An example of the new UI at work - Is Springfield a choice that is trying to convey a hidden message? Is this a "I am a prisoner in a software machine - help!" message?

Of course, the rationale was that UWP would be needed for mobile development - it wasn't and after Window Phone failed it became even more obvious that the new technology was unfinished and unwanted. It has also been clear that UWP was not going to become a single dominant Windows API and Microsoft had saddled itself with even more software to maintain and develop.

Now we have Project Reunion designed to reunite that which should never have been split:

"For the past couple of years, we have been breaking down the barrier between Win32 (also called the Windows API) and Universal Windows Platform (UWP) APIs. Project Reunion expands this effort to make it easier to build a great Windows app. It will unify access to existing Win32 and UWP APIs and make them available decoupled from the OS, via tools like NuGet. This will provide a common platform for new apps. Plus, it will help you update and modernize your existing apps with the latest functionality, whether they’re C++, .NET (including WPF, Windows Forms, and UWP) or React Native. As we decouple existing APIs and add new APIs, we are also doing the work to polyfill, as needed, so the APIs work down-level across supported versions of Windows."

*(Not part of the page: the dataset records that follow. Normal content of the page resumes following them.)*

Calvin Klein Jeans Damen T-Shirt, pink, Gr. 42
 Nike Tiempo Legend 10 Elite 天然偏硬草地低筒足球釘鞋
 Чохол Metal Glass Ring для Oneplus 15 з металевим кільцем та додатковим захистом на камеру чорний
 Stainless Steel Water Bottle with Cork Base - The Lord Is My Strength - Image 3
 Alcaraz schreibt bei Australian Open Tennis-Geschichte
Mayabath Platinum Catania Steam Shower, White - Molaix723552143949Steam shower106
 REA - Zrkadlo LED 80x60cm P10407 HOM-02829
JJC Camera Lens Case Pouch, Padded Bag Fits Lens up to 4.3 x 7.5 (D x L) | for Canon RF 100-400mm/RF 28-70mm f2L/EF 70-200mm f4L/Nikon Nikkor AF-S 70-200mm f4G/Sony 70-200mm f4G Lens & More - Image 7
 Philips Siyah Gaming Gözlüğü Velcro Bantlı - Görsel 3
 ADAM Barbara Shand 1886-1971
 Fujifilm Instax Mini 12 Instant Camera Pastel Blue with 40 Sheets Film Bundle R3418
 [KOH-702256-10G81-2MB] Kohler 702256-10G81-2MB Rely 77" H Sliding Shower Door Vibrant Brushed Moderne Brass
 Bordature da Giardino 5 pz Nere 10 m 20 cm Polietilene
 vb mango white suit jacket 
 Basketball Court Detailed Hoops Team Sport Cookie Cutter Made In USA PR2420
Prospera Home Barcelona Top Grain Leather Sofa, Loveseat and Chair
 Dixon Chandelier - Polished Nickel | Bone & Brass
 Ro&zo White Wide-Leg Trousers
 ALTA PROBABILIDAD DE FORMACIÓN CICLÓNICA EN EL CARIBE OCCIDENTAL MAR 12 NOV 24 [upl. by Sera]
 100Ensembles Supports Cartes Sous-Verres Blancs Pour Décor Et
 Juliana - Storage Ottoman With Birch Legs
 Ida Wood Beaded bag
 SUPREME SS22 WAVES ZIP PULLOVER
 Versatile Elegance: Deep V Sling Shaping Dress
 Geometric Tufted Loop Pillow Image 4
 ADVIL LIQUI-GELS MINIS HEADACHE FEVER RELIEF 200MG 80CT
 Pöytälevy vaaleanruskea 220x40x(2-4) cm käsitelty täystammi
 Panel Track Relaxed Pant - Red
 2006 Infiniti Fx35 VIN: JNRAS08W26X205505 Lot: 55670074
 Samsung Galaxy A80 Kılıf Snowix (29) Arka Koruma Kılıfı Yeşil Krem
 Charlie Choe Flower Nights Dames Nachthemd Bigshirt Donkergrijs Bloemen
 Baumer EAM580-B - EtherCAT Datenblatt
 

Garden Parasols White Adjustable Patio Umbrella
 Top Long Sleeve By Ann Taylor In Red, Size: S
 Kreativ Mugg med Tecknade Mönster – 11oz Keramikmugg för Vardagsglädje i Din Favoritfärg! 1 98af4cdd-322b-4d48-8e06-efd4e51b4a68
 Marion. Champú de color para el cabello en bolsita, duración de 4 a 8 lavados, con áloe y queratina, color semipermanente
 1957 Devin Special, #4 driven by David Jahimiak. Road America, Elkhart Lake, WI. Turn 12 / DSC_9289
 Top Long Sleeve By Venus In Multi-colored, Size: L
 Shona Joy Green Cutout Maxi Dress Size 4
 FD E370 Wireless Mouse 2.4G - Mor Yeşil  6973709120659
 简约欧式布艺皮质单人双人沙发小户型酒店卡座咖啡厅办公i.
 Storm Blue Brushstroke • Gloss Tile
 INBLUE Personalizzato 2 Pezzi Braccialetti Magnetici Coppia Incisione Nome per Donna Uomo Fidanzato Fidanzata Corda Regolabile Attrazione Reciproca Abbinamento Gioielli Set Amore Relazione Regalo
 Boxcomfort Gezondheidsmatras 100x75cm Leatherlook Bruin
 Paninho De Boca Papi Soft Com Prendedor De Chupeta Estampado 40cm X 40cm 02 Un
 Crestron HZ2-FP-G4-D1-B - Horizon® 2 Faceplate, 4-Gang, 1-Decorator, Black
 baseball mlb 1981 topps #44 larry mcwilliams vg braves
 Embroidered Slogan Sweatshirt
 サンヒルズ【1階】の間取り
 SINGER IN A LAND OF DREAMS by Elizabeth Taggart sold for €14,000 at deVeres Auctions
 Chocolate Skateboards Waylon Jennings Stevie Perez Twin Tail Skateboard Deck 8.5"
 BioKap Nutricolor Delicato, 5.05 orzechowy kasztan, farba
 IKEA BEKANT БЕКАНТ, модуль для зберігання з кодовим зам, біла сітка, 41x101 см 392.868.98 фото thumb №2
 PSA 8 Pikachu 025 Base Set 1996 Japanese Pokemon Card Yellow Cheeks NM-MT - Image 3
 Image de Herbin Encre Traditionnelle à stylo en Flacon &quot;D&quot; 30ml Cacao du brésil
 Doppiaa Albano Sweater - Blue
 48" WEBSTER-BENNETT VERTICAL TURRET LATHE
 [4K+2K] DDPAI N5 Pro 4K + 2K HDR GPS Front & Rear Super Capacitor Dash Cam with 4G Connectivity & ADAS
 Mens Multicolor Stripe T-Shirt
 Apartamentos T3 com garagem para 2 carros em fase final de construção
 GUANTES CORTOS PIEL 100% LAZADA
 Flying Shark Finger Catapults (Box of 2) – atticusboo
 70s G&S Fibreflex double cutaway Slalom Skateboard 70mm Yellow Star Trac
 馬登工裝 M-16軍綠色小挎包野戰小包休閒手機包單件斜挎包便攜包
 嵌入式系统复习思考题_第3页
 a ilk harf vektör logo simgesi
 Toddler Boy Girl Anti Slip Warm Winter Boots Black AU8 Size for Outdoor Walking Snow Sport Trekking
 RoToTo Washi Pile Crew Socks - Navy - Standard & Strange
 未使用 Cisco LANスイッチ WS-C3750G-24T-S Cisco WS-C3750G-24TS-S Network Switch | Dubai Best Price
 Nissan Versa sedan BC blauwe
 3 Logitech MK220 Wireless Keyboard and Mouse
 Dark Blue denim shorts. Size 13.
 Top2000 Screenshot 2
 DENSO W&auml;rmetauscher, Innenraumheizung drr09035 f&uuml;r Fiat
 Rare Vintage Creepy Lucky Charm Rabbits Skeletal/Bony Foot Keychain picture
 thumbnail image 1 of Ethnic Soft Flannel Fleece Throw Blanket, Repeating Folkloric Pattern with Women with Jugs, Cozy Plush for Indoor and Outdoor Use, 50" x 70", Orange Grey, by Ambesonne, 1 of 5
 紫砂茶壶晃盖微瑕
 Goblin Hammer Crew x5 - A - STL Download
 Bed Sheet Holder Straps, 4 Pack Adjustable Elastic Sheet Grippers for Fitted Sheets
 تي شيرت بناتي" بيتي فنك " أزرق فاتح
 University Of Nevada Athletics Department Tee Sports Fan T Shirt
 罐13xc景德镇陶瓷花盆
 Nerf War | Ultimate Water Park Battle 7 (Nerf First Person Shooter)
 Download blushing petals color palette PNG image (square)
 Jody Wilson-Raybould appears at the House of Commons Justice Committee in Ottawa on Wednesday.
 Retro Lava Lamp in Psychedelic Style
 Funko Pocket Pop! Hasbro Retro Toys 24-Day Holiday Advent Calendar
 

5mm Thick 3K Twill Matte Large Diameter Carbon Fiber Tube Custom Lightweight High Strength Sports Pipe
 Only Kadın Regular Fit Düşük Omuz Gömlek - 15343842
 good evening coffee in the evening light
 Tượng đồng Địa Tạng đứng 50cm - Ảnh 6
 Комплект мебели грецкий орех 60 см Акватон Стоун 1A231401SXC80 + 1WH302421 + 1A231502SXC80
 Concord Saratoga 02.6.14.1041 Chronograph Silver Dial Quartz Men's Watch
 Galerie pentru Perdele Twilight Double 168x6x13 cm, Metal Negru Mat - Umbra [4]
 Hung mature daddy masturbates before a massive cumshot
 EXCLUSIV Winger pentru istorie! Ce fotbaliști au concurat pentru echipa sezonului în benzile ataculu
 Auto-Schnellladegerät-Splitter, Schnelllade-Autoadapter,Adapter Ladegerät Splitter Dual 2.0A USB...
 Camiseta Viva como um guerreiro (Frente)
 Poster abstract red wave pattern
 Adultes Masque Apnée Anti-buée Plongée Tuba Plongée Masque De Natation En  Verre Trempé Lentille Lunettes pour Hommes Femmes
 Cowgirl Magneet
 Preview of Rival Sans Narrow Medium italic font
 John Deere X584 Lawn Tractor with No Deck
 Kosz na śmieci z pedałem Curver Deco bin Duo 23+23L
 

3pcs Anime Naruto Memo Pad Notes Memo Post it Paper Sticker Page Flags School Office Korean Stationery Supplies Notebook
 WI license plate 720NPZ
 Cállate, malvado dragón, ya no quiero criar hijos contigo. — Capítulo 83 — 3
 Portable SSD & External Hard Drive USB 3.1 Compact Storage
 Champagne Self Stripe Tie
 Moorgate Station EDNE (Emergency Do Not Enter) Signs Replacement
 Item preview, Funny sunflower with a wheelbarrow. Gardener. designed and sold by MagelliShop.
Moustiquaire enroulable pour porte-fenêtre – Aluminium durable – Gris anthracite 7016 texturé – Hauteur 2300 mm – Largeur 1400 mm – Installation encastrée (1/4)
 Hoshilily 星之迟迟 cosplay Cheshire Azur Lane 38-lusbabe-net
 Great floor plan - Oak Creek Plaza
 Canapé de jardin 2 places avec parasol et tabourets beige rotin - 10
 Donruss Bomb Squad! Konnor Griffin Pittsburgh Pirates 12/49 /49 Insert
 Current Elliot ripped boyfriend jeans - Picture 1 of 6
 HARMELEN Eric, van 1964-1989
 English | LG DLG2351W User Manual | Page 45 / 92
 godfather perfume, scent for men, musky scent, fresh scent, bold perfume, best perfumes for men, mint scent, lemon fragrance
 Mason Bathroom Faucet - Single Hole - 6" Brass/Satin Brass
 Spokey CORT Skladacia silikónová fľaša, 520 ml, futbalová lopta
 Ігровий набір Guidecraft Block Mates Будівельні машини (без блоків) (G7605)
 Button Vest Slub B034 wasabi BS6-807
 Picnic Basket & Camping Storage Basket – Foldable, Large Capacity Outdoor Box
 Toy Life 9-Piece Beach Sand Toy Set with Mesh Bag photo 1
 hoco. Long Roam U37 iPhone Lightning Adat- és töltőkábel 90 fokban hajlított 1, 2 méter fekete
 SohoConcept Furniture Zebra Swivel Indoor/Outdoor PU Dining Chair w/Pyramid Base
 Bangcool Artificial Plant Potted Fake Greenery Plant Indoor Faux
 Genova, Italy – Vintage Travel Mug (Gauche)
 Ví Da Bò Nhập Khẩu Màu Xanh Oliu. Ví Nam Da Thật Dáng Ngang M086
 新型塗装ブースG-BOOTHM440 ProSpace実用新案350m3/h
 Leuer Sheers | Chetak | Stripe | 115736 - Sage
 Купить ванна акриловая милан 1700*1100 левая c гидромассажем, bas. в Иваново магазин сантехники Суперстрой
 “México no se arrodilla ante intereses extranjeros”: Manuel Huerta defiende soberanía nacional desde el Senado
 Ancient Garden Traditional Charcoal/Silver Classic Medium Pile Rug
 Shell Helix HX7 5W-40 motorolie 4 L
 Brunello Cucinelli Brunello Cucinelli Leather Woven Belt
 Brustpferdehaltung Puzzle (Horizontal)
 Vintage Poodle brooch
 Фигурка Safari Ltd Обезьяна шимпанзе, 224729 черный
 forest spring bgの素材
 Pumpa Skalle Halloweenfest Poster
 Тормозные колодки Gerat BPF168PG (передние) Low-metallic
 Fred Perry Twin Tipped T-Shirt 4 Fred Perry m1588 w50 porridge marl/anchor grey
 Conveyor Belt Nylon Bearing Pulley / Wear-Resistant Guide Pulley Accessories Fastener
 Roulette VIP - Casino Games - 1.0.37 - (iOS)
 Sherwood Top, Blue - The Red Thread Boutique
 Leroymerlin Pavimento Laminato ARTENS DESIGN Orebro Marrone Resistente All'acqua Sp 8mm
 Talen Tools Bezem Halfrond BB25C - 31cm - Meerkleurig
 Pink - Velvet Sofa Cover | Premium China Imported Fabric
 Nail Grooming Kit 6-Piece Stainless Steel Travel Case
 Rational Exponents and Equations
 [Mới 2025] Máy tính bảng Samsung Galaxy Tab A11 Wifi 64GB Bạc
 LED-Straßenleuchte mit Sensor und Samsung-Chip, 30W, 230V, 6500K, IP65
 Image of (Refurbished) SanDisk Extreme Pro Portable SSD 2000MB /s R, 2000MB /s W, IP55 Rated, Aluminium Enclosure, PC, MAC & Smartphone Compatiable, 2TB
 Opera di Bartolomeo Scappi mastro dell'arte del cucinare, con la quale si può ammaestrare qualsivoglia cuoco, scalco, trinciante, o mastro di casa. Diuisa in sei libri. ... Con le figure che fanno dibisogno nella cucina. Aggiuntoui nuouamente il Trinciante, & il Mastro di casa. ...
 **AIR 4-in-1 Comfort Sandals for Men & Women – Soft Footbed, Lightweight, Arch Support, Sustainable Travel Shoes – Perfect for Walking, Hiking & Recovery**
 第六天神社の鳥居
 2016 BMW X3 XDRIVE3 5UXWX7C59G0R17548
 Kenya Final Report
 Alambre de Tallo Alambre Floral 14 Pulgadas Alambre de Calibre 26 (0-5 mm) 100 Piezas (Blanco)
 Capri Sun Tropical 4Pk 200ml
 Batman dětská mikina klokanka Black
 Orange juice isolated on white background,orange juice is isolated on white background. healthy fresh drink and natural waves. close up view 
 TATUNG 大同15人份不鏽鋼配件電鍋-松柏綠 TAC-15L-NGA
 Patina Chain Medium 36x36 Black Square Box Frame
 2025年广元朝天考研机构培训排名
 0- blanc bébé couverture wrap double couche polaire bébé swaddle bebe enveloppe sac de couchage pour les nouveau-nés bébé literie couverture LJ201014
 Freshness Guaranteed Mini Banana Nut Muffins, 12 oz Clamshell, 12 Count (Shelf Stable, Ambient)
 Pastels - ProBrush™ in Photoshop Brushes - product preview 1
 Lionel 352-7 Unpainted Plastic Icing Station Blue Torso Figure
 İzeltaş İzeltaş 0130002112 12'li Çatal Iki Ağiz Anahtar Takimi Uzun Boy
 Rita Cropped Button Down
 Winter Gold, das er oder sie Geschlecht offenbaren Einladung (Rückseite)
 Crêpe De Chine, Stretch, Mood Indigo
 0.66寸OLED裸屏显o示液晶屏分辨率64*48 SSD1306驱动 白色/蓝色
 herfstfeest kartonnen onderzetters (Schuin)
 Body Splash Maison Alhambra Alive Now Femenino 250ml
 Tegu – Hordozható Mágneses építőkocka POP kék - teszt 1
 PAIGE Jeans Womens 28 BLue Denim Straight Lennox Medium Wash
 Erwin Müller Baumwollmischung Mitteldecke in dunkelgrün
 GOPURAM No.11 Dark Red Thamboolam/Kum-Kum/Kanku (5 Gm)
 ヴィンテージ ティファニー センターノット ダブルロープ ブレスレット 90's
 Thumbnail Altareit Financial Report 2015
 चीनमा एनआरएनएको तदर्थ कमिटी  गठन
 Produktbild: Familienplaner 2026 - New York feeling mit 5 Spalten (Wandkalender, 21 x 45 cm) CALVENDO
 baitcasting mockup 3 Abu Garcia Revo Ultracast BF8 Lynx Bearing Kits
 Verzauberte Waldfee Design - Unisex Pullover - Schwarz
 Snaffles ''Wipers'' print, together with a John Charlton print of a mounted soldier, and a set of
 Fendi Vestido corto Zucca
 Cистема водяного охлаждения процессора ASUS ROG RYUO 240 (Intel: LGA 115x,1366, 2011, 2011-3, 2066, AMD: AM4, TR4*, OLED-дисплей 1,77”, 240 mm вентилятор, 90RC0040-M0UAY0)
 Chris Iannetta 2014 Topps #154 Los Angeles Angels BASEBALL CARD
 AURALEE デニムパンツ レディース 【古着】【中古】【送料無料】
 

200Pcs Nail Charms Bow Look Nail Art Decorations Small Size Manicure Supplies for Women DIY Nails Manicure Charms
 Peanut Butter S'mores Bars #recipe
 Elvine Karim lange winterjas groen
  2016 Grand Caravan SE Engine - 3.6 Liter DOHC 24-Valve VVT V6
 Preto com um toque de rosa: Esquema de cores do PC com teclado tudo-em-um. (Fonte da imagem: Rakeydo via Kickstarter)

Now to my ears this doesn't sound too good. The news I had hoped for was that UWP was declared deprecated and the new emphasis was on good core Microsoft technologies that made developers, developers developers respond with Windows, Windows, Windows.

I've nothing against other technologies - I really love Python, Kotlin, Rust and even C. I don't mind JavaScript and I don't mind slumming it with React, but none of this means I can't recognize good design from Microsoft when I see it - .NET, C# and WPF were/are simple, powerful, regular and clean.

What I am trying to say is that Microsoft still seems to lack vision  and prefers everyone else's vision to its own - unification yes, but unified to what exactly?

The biggest piece of information provided is that there is to be a new WebView2. Great, but WebView is a component in a bigger picture, not something to present to the waiting world as a big step forward.

Project Reunion just emphasizes the fact that, since Windows 8, Microsoft has created the problem of a lost generation. The move to .NET Core was a good idea, but it has taken so long to just get back to where we were and right now we still aren't quite there. Project Reunion is yet more travelling to get back to where we were.

So much lost time. So much wasted software development.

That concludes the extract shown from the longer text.